On September 16, 2014, Clear Channel renamed itself iHeartMedia to bring its corporate name in line with its iHeartRadio internet platform.

==Morning Shows==
Z100 has had several noteworthy morning shows in its history. The "Z Morning Zoo" started in 1984 (the year Z100 signed on), and had multiple hosts and co-hosts over the years. These included Gary Bryan, Dan Clark, John Murphy, Tony Martinez, Nelson the Intern, Scott Thrower, Billy Hayes, Valerie Ring and Brooke Belson. The Z Morning Zoo lasted until 2000, when Nelson left to join Terry Boyd at KRSK Rosey 105.1. The show had different DJ's from 2000-2002 including Dr. Doug, Stacey Lynn, and Skippy The Prize Guy from 2000-2002. Dr. Doug and Skippy also left to KRSK 105.1 to do PM drive. Z100 ran a heartbeat for 24hrs waiting for the "All New Z100" and launched the new morning show "Chet Buchannan & Nicole Camarata."

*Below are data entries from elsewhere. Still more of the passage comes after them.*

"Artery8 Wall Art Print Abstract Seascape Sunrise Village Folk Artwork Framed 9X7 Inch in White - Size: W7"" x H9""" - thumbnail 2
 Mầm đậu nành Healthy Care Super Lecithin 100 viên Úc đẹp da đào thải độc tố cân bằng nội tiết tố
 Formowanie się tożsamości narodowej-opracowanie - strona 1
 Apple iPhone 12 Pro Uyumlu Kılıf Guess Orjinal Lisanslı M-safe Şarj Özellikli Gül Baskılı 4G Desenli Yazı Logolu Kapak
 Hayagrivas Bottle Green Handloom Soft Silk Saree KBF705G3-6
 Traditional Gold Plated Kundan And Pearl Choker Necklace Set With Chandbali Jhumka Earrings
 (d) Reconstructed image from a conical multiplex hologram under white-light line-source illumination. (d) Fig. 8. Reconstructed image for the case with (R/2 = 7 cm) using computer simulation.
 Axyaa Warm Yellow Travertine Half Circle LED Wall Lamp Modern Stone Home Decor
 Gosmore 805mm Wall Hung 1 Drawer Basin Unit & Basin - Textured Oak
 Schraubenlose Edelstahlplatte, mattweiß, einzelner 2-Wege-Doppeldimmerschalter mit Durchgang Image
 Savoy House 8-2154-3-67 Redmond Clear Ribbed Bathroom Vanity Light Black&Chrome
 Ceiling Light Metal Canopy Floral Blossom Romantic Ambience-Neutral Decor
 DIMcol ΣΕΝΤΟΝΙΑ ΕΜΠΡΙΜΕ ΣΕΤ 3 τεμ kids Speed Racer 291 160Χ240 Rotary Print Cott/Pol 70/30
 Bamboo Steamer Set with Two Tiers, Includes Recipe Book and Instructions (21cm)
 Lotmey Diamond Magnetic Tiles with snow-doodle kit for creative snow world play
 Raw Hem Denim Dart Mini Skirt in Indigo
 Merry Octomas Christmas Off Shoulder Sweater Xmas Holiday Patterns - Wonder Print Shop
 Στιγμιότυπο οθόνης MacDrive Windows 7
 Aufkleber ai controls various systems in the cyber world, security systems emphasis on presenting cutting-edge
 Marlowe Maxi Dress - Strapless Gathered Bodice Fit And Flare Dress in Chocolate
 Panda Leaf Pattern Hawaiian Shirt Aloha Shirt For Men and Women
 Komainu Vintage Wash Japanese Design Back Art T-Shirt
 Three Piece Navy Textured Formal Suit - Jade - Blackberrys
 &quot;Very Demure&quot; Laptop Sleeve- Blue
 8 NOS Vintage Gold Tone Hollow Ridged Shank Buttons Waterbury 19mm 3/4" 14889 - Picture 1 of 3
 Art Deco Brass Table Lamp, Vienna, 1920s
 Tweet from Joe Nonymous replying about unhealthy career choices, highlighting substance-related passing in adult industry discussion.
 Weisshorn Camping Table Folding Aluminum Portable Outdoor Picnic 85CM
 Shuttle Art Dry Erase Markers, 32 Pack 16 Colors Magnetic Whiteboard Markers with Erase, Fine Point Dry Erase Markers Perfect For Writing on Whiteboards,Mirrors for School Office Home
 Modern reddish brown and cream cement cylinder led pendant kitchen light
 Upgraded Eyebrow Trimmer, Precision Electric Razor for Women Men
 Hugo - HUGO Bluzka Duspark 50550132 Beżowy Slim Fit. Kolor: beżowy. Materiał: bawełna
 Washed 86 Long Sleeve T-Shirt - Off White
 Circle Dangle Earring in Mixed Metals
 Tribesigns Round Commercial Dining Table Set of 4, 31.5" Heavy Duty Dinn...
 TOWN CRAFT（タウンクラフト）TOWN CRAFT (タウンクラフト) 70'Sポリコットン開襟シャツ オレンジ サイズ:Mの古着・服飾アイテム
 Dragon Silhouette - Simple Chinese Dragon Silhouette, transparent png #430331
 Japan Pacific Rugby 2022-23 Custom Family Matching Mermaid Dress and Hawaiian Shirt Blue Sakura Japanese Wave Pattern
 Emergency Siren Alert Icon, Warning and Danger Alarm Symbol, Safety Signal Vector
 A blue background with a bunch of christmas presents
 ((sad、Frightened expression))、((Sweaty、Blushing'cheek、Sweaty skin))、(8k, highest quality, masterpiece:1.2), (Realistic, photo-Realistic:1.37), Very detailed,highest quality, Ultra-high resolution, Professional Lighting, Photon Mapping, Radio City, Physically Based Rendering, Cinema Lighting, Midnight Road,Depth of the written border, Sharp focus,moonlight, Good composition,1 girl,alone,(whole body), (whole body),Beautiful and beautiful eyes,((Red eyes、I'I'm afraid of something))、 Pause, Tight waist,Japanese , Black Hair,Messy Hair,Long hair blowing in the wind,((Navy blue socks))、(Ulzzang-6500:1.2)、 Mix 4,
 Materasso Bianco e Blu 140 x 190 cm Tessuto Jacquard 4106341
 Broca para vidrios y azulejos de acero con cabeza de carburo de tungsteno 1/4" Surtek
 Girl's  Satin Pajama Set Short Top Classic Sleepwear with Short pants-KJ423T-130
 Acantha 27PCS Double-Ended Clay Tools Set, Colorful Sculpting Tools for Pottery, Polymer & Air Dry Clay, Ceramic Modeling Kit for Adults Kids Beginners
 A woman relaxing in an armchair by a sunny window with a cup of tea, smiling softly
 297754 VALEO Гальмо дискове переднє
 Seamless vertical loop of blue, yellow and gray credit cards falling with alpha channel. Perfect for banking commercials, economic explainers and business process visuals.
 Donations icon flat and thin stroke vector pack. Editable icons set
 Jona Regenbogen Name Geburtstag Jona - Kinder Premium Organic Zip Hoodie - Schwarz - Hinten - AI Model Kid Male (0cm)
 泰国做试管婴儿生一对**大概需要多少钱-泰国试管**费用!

They lasted until 2002, when "The BuckHead Show" debuted, which lasted about five years. In the same week that BuckHead received the Edison Media Top 30 Under 30 Personality Award, KKRZ management Brian Bridgman, Tony Coles and Robert Dove began running short, cryptic spots about "T-Man" coming to Portland. On August 31, 2007, BuckHead's morning fill-in host Brooke Fox announced that indeed, "The T-Man Show" was coming to Z100 mornings on Tuesday, September 4, 2007. The T-Man Show was based in Seattle at co-owned KUBE and was also syndicated in San Francisco at iHeart-owned KYLD, before being pulled after six months. The T-Man Show could still be heard in Seattle and San Francisco until the show ended in 2009. The Johnjay and Rich Show, based at iHeart's KZZP Phoenix, began airing on KKRZ in 2008.

==HD Radio==
KKRZ broadcasts in the HD Radio format. KKRZ-HD2 airs alternative rock, branded as "Alt 102.3." It is simulcast on 99-watt FM translator K272EL at 102.3 MHz. On weekday mornings, Alt 102.3 carries "The Woody Show" from KYSR Los Angeles.